▸ **DATASET EXTRACT**
=== Section Start ===

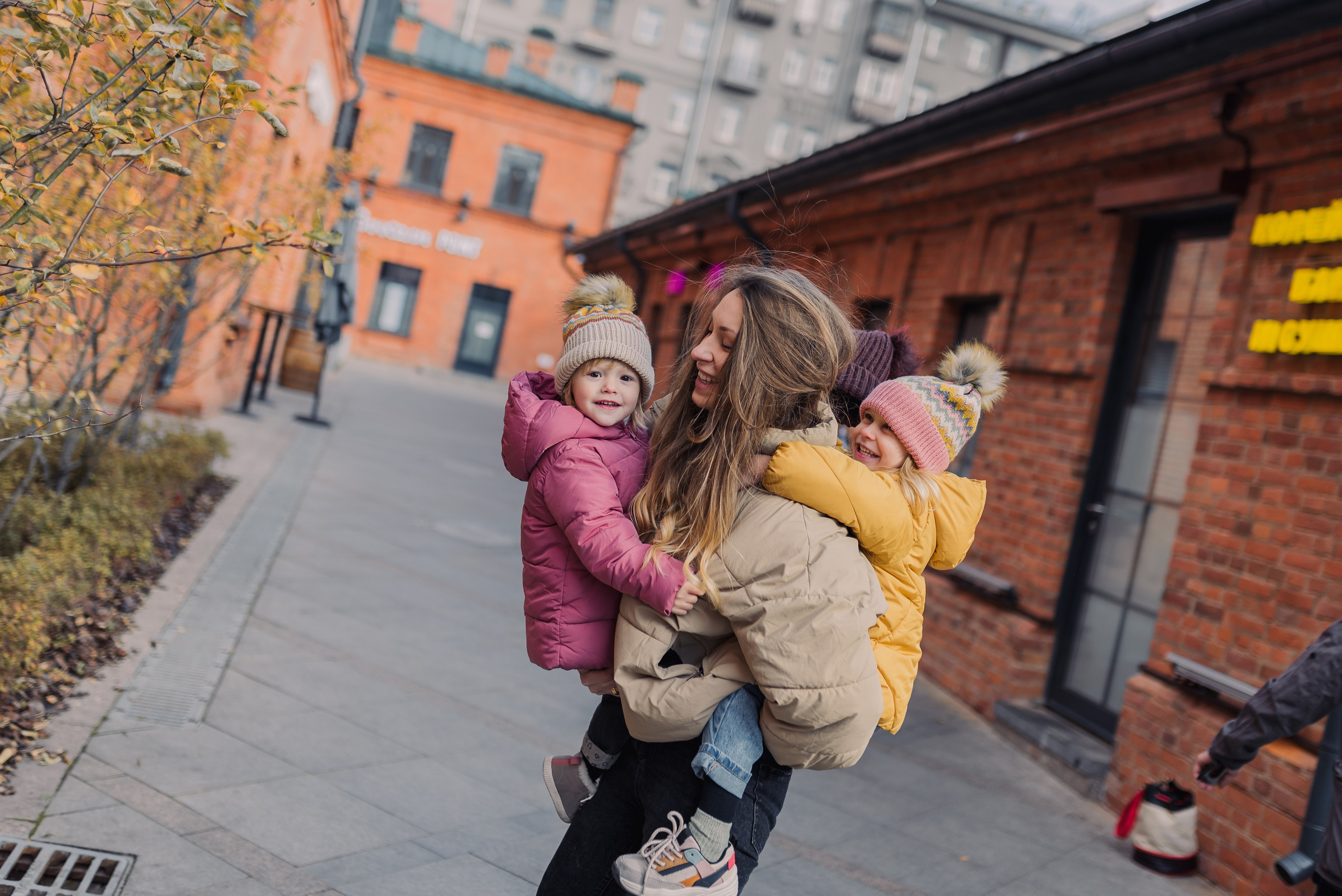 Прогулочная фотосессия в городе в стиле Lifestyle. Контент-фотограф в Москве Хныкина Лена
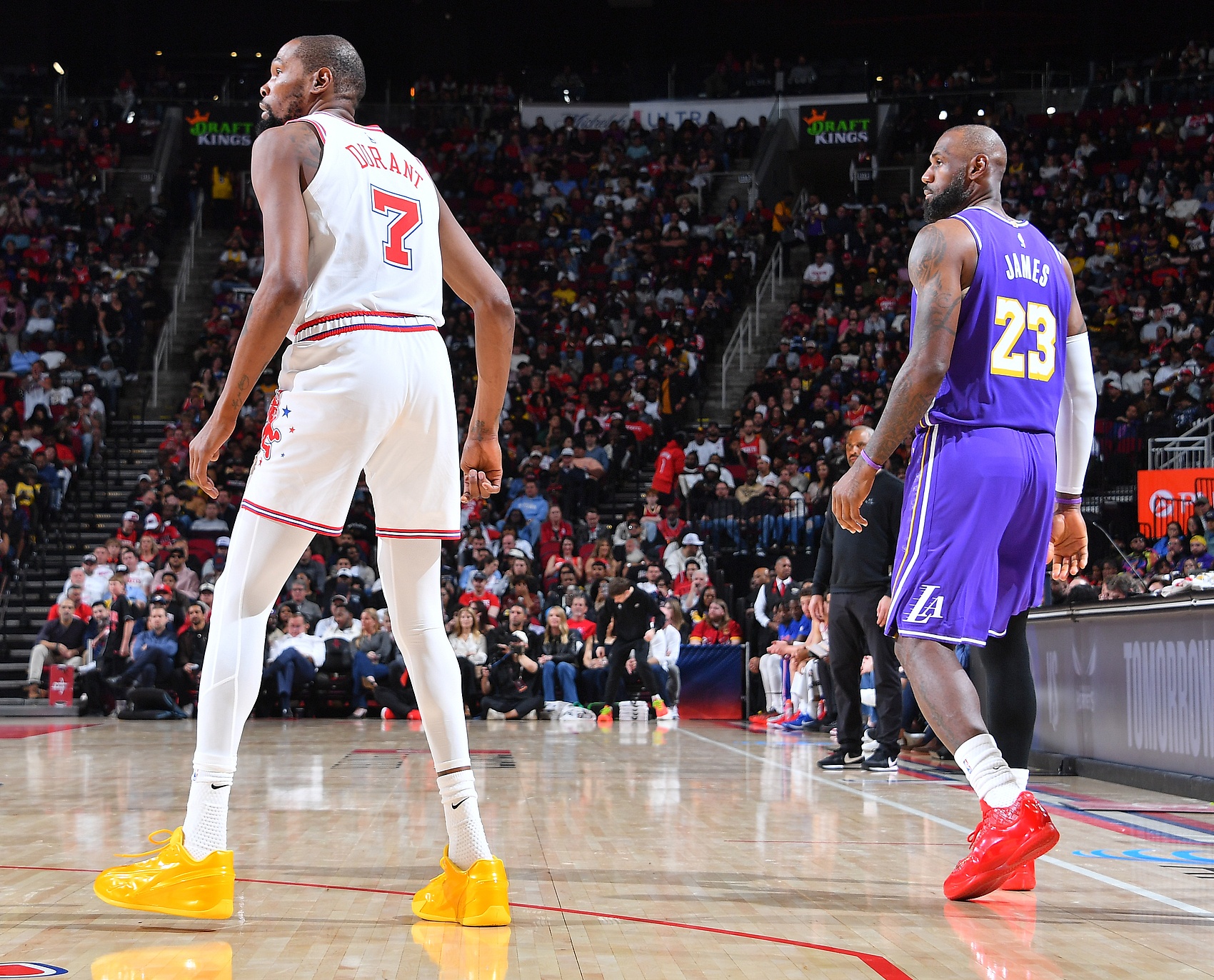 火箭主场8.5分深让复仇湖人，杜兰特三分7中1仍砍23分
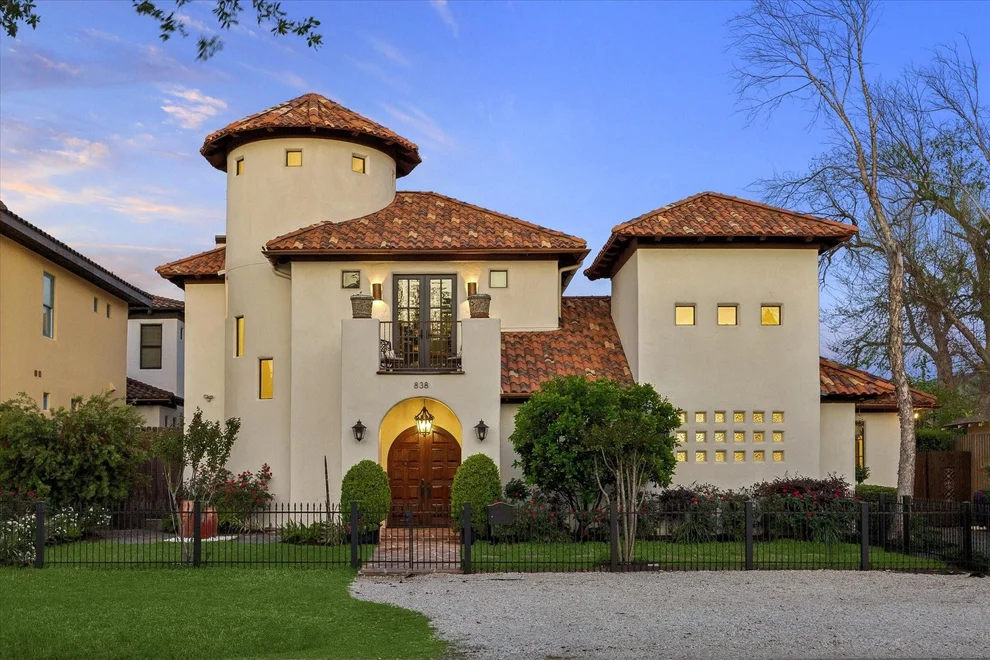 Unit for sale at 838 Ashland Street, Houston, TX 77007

=== Section End ===

▸ **WORK TO COMPLETE**
Every line above is to be duplicated exactly; no picture should be carried over.

▸ **ANSWER TO THIS TASK**
 Прогулочная фотосессия в городе в стиле Lifestyle. Контент-фотограф в Москве Хныкина Лена
 火箭主场8.5分深让复仇湖人，杜兰特三分7中1仍砍23分
 Unit for sale at 838 Ashland Street, Houston, TX 77007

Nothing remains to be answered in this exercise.